At 1.30pm the Annie Blanche–Smith put to sea, with doctors and ambulance men on board to meet up with the Irish Willow. In two trips the lifeboat landed the 47 survivors and returned to her station at 3.45pm.* Two of the wounded were transferred to the Waterford City & County Infirmary.
|Original Painting of the event
posted by Brian Cleare to WMH page Sept 2015
Apparently, coal was in so short a supply in the country at this stage, that the trains were no longer running.

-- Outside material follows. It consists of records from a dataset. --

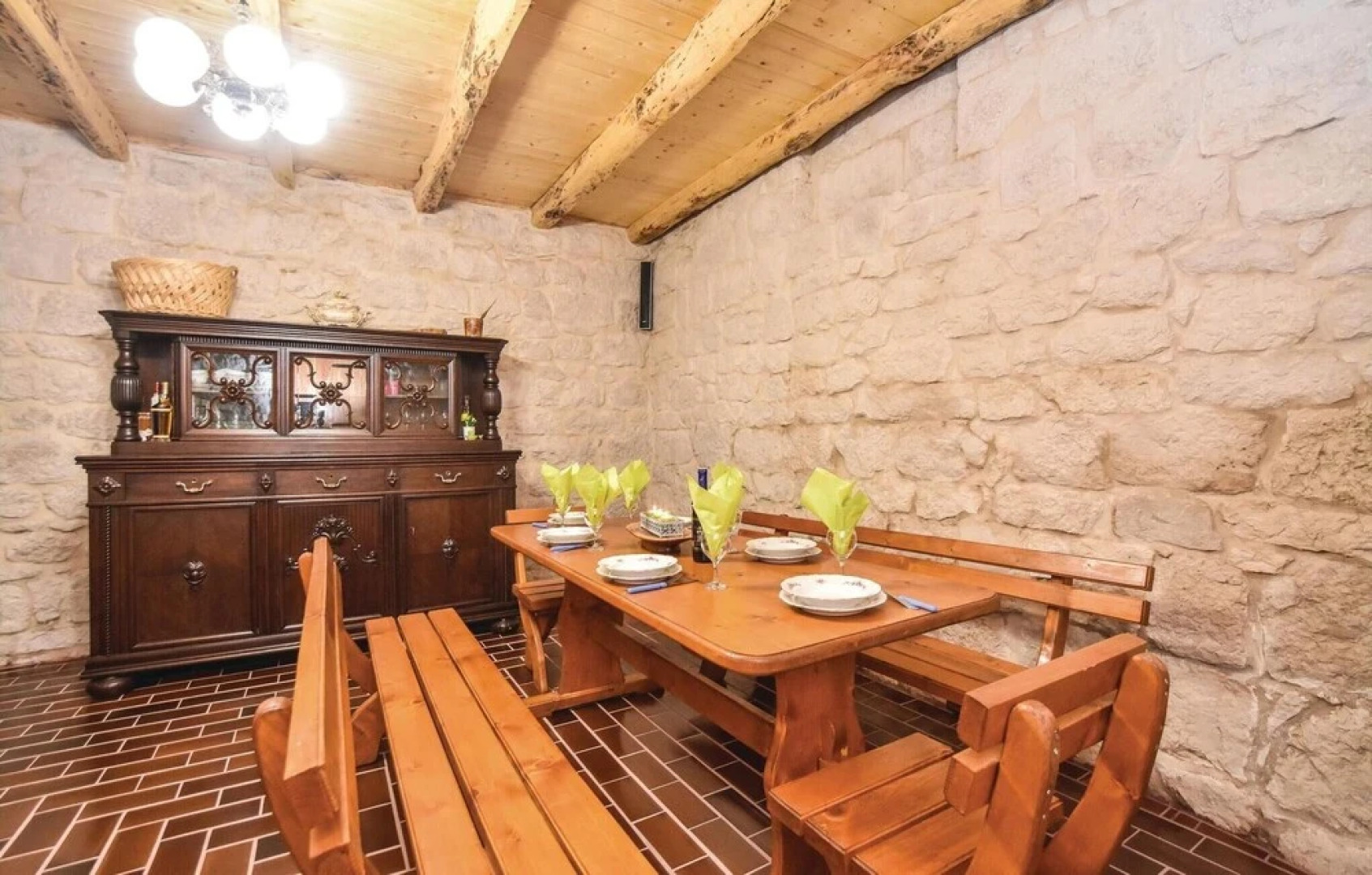 Amazing Home in Blato na Cetini With Wifi and 4 Bedrooms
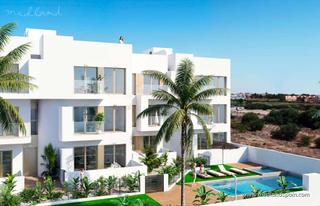 Apartamento en Las Lomas de Rame-Bahía Bella. Apartamento en los alcázares con vistas al campo de golf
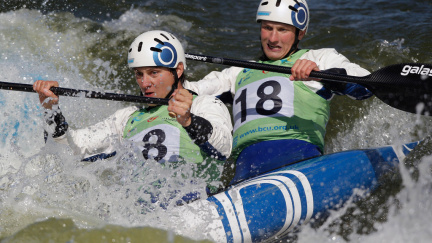 Jonáš Kašpar s Markem Šindlerem druzí ve finále světového poháru!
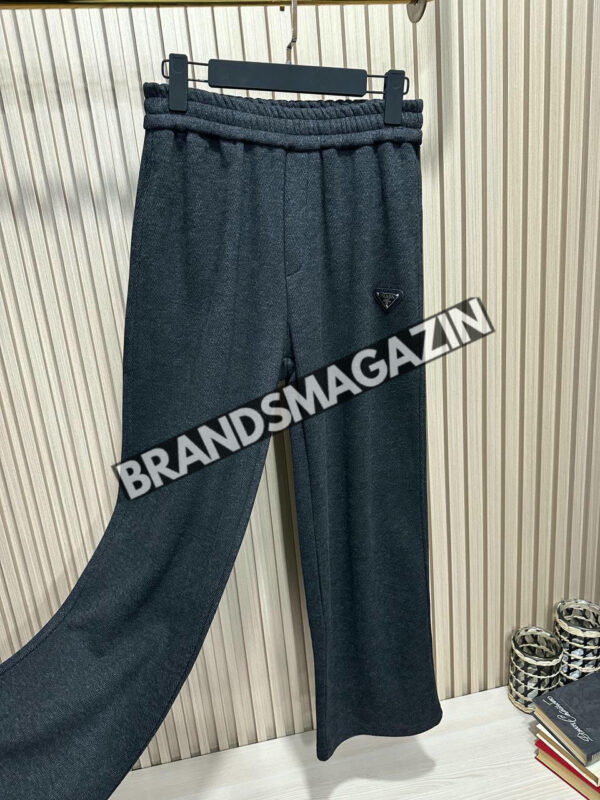 Спортивные штаны Prada BM47569015277 2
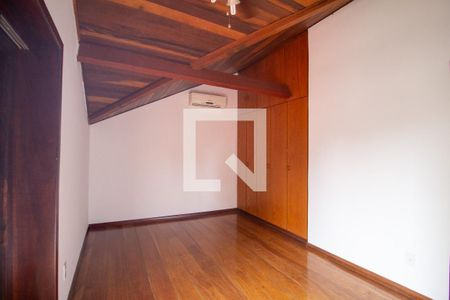 Casa de condomínio para alugar com 720m², 4 quartos e 15 vagasSuite Superior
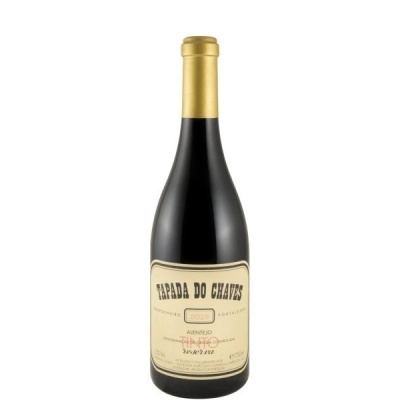 Garrafa de vinho tinto TAPADA DO CHAVES com rótulo creme e rolha dourada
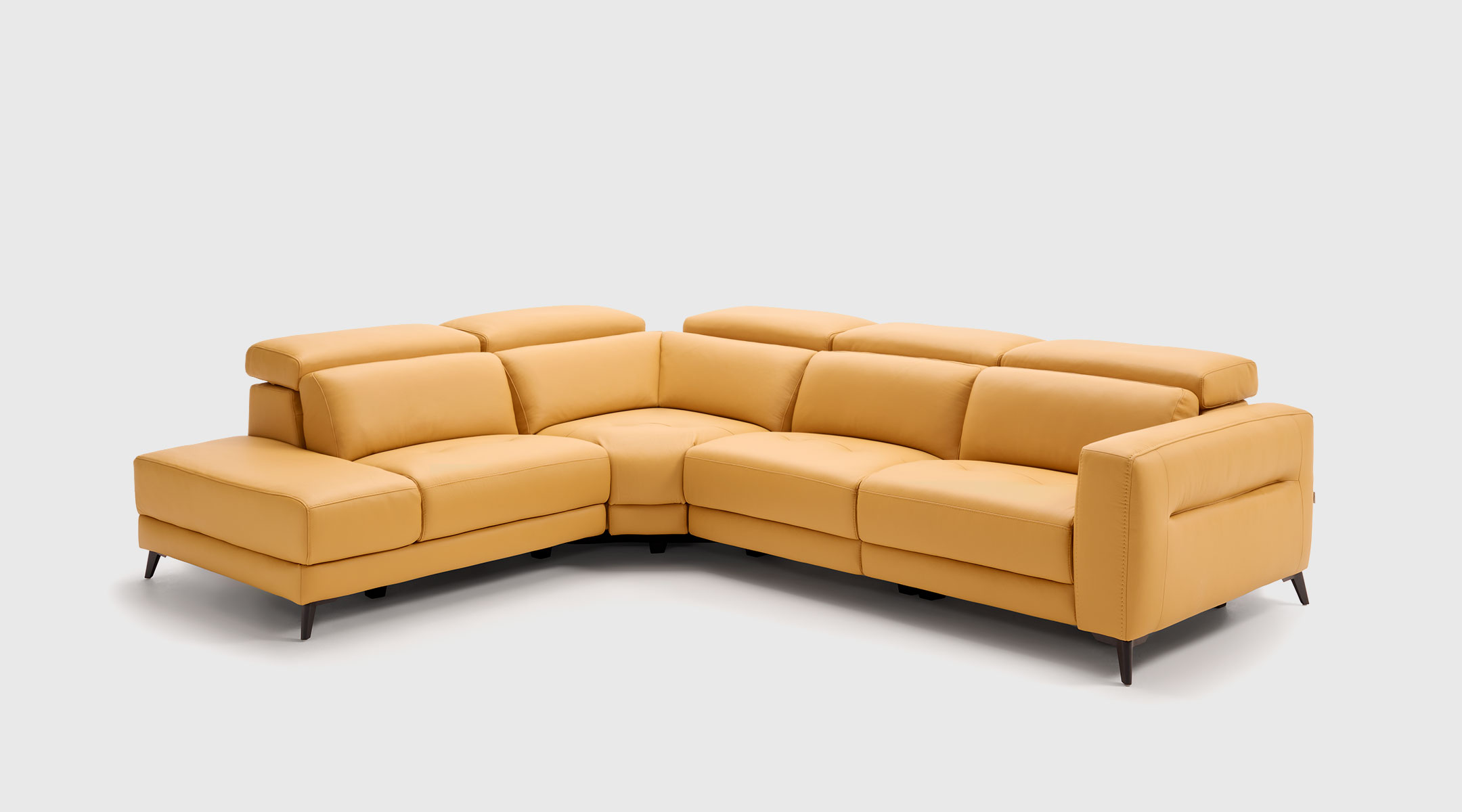 sofa-rinconera-piel-moris-relax-electrico. Sofá Moris rinconera con terminal abierto de 311 x 250 cm tapizado en piel Juno Giallino, con 2 asientos relax eléctricos y cabezales motorizados
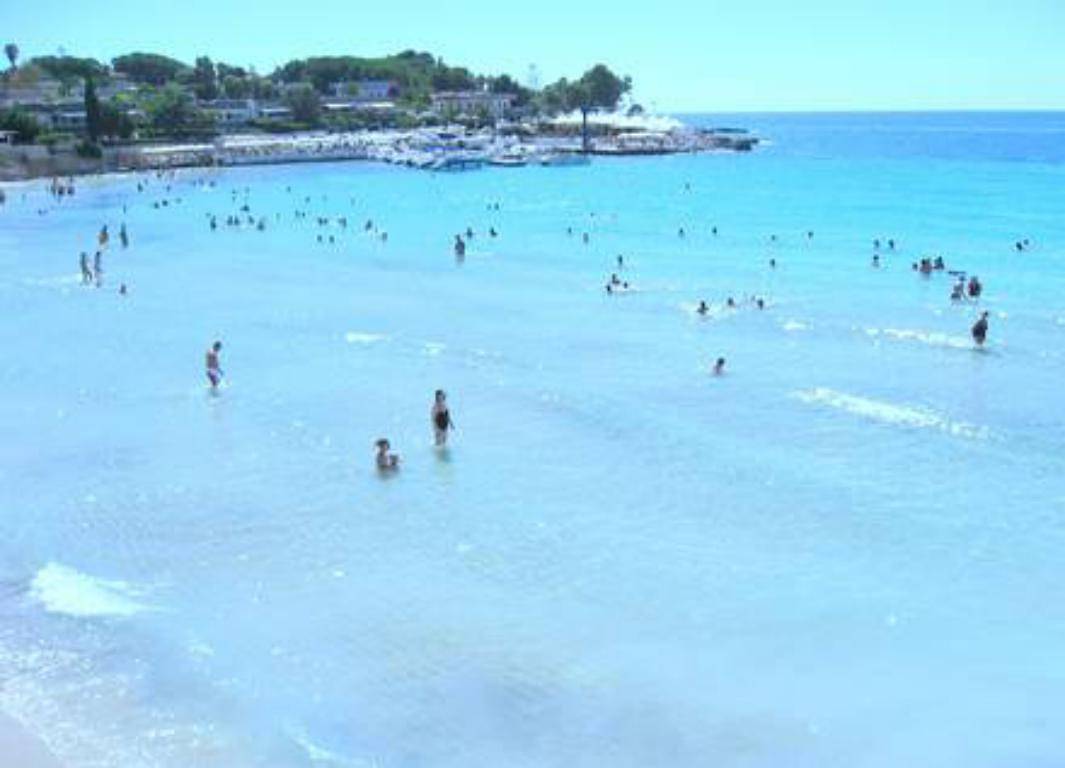 Villa  in pieno relax - climatizzata - wi-fi in Lido Camomilla, Siracusa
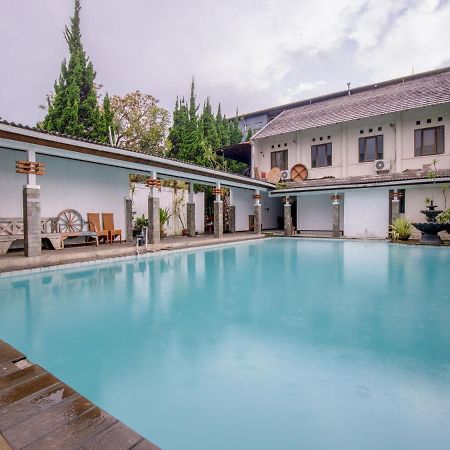 Takashimaya Hotel & Convention Lembang Exterior foto
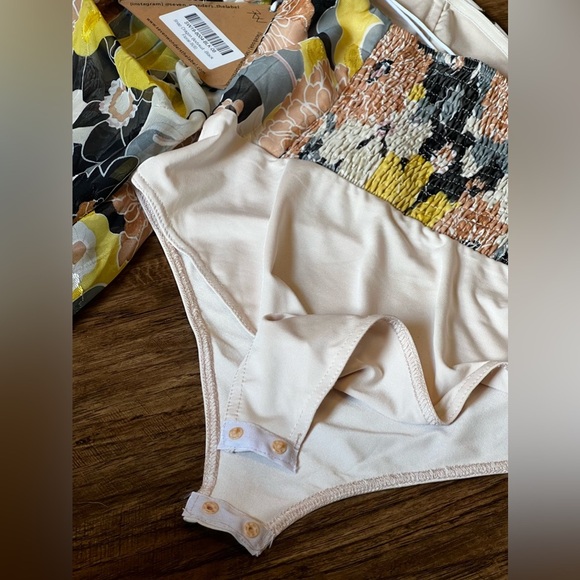 NWT Seven Wonders Floral Off Shoulder Body Suit - Picture 4 of 9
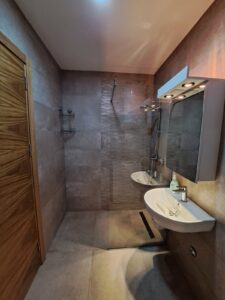 0-02-05-c29675632280e40c2955f75ab2f38b5560fac7acb9cdcdc0f37bdbbb3dc3f45a_f0ae5644e472039a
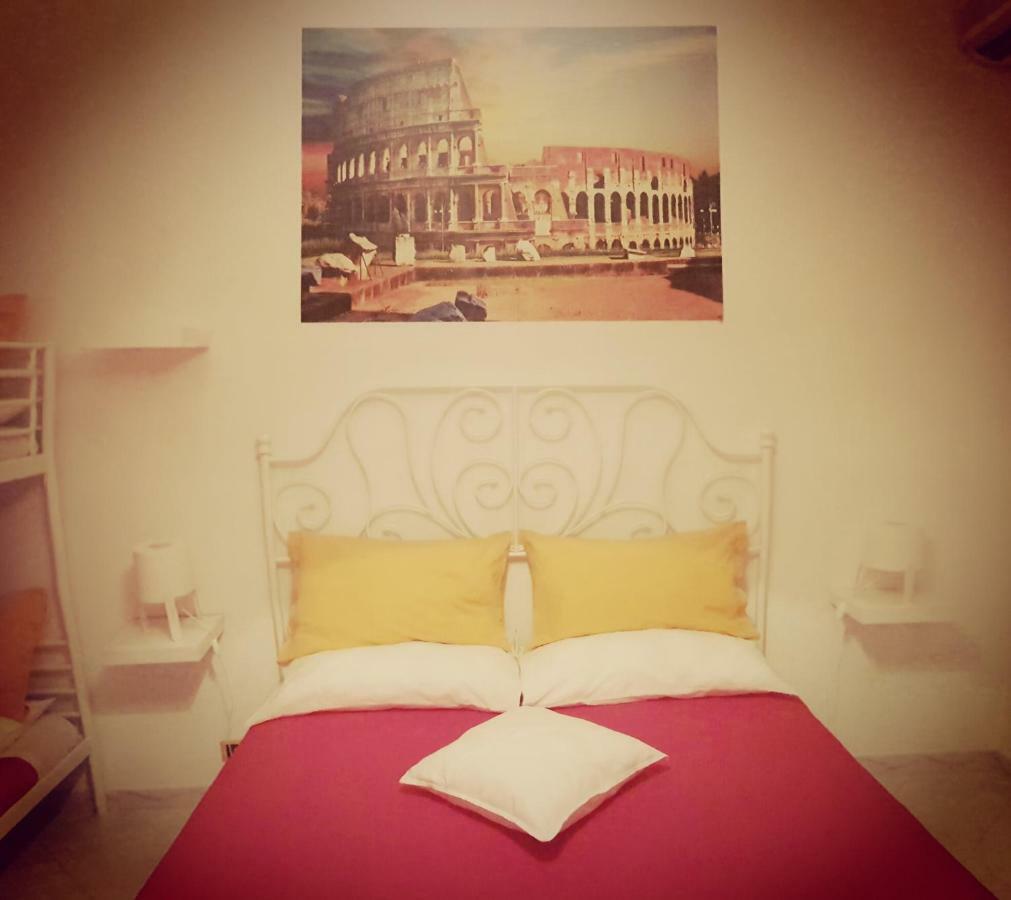 Rhome Sweet Rhome Apartment
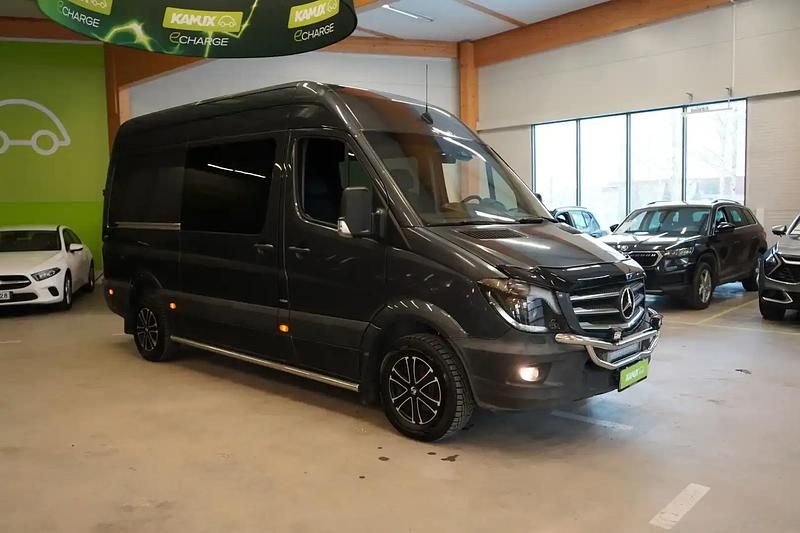 Hopea / harmaa Käytetty 2014 Mercedes Sprinter Van | 24 800 € (Perustarjous) - Kuva 1/4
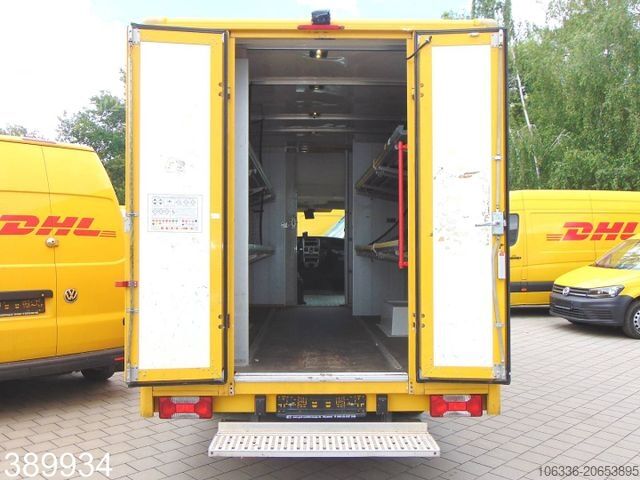 Transporter mit Koffer IVECO Daily 35 S 11 A / P Maxi Postkoffer REGALSYSTEM
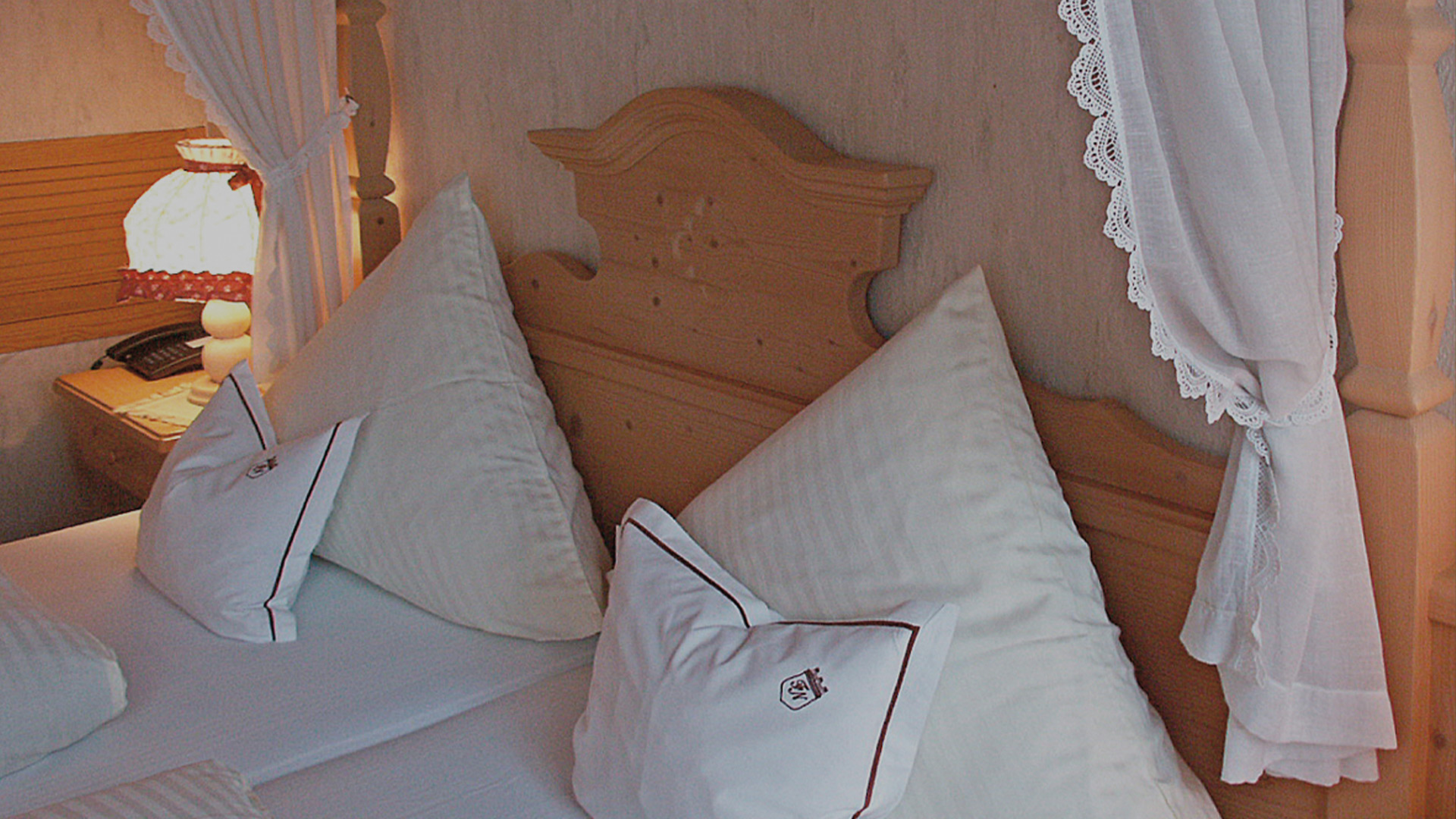 Frisch gemachtes Doppelbett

As a consequence, Sean Lemass (Minister for Supplies) had to authorise two buses to be dispatched to bring the crew to Dublin.** I’m sure from there they were returned to England, and just like my story of Pat Hanlon, were back at sea within days.
The SS Irish Willow continued to Waterford where she was discharged and continued to keep the country fed for the rest of the war. I know there was most likely Waterford men aboard, but don’t know any of the names I’m afraid. Bill Gunnip (RIP) who was our neighbour sailed with the company and did the Duffin family and I know the Heffernans, Hearnes and Walsh’s of Passage East were with the company too. Paddy Roche mentioned in a comment that his Grandfather Jim Roche of Ballyhack was aboard the Willow, but was not sure if it was at the same time. My own grandfather was at sea too. I’ve read recently that Irish ships saved the lives of 521 sailors of all nationalities and neutral Irish ships were attacked (by both sides) 41 times. 149 Irishmen died and 38 were injured, many permanently.*** That does not include those that sailed under other flags.
Growing up, my war hero’s were gleamed from comics and movies and tended to be military men who managed against all odds to do the impossible, and usually with a lot of gunfire. But as an adult you see things a little differently. The crews of such ships as the Irish Willow could only turn into danger on hearing an SOS, but that neither diminishes nor fully explains their decision to do so. They could do no other, but that in itself is very often heroic, especially when the sea is involved.
* Taken from “The Story of the Dunmore East Lifeboats” Brendan and Mary Glody made a present of a copy of it to me during the week.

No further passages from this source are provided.